Problem requirements:
Each line of the records below needs repeating exactly. Skip the pictures.

------------------------------------------------------------

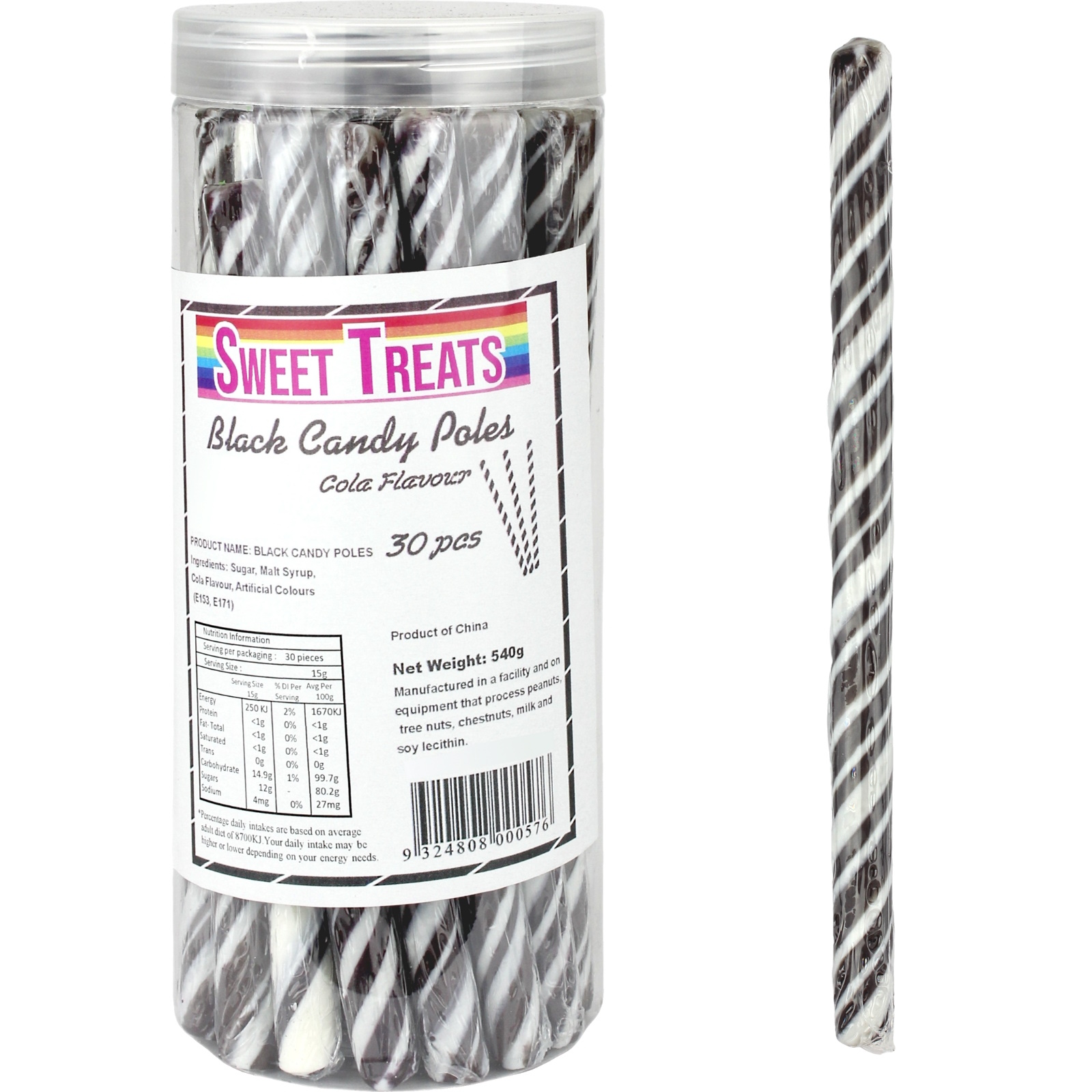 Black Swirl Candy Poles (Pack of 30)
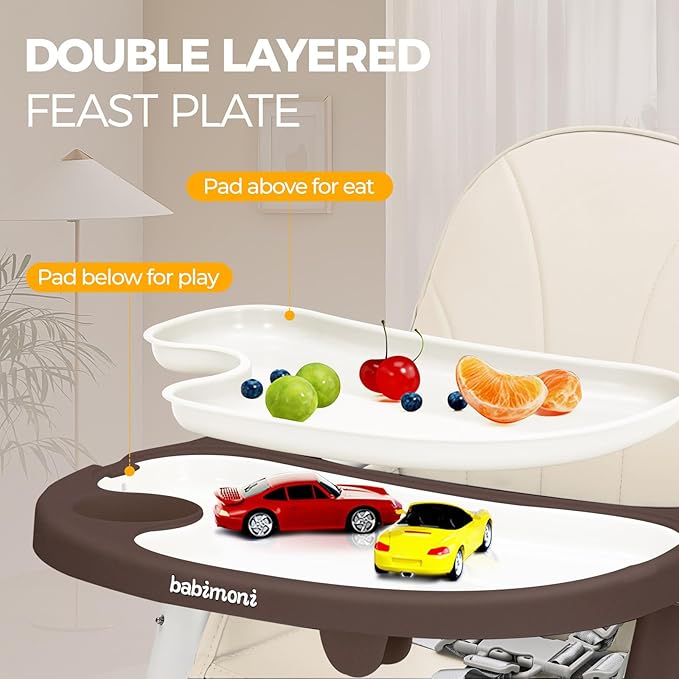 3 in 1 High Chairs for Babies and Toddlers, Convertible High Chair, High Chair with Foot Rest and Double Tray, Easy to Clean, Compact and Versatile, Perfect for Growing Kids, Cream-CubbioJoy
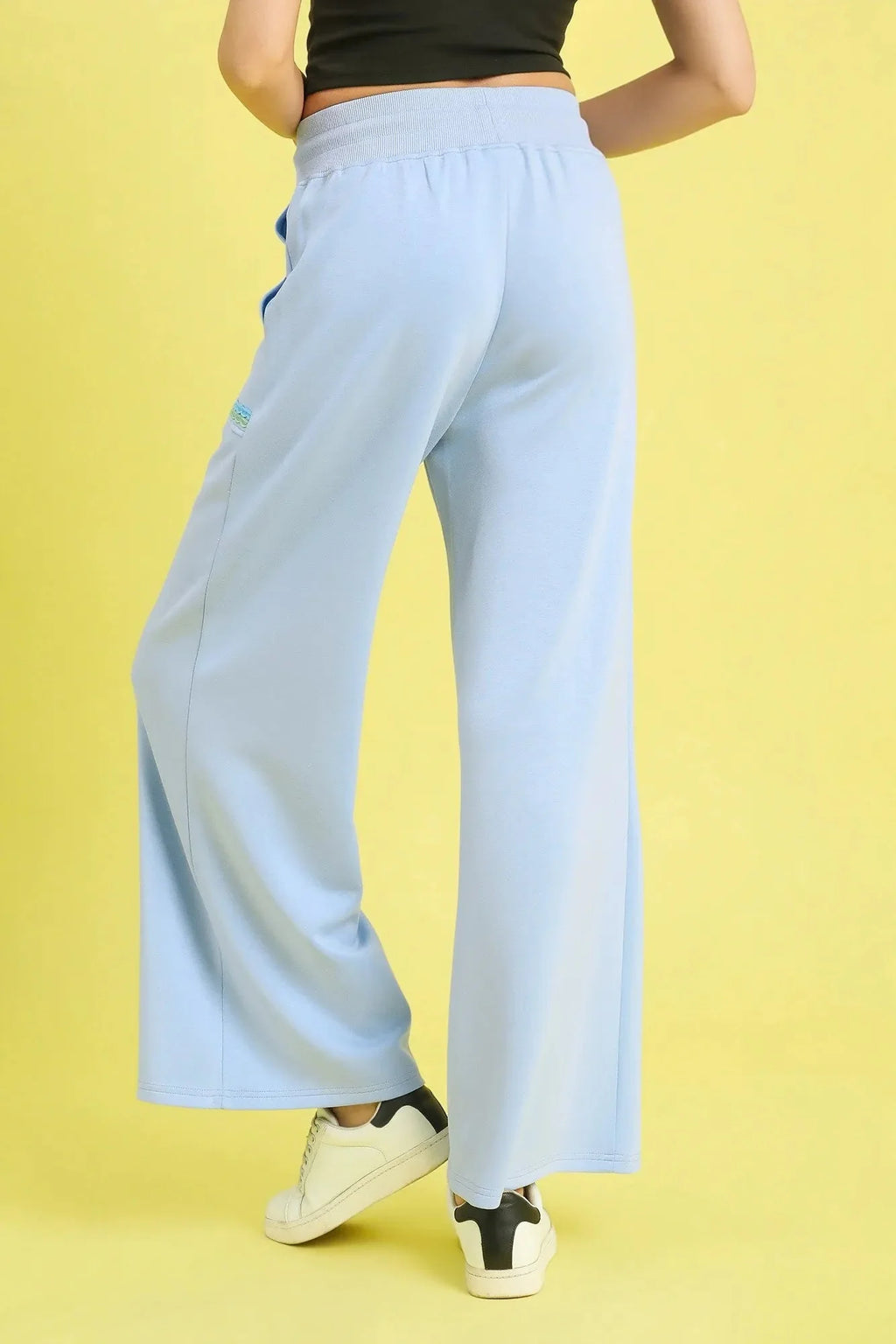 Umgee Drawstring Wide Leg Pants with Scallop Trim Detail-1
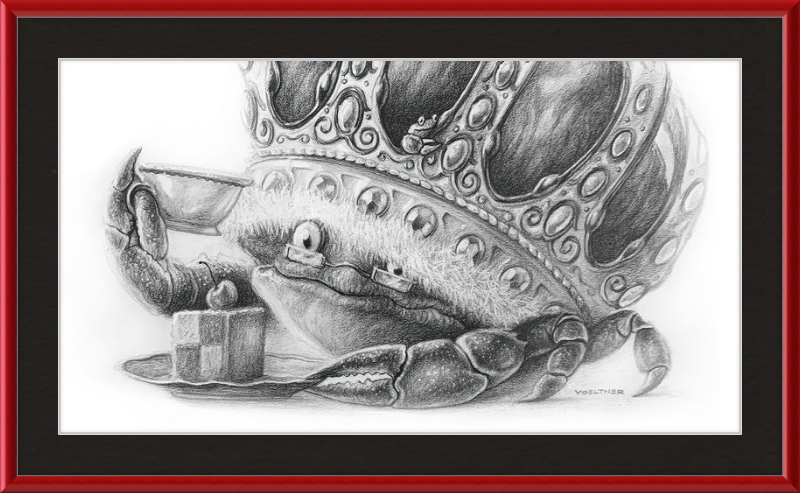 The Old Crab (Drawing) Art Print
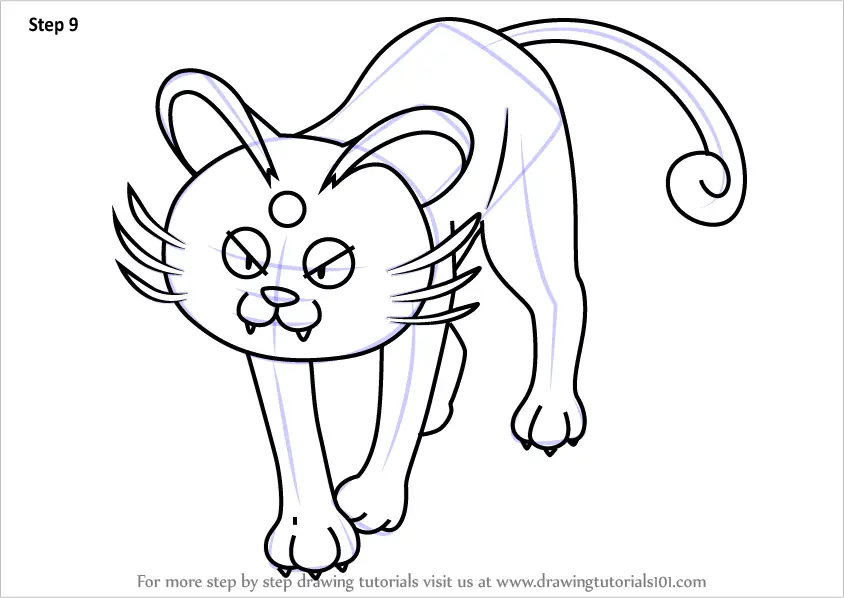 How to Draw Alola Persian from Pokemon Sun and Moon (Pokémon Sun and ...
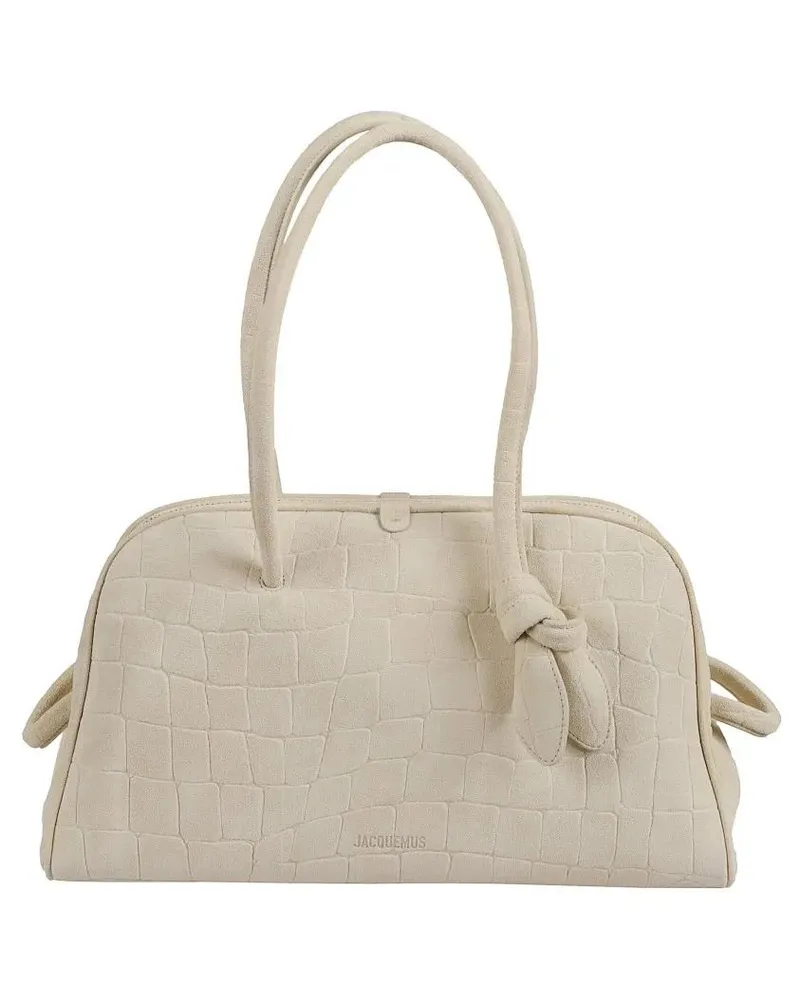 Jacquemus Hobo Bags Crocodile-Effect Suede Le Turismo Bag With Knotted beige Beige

------------------------------------------------------------

Answer:
 Black Swirl Candy Poles (Pack of 30)
 3 in 1 High Chairs for Babies and Toddlers, Convertible High Chair, High Chair with Foot Rest and Double Tray, Easy to Clean, Compact and Versatile, Perfect for Growing Kids, Cream-CubbioJoy
 Umgee Drawstring Wide Leg Pants with Scallop Trim Detail-1
 The Old Crab (Drawing) Art Print
 How to Draw Alola Persian from Pokemon Sun and Moon (Pokémon Sun and ...
 Jacquemus Hobo Bags Crocodile-Effect Suede Le Turismo Bag With Knotted beige Beige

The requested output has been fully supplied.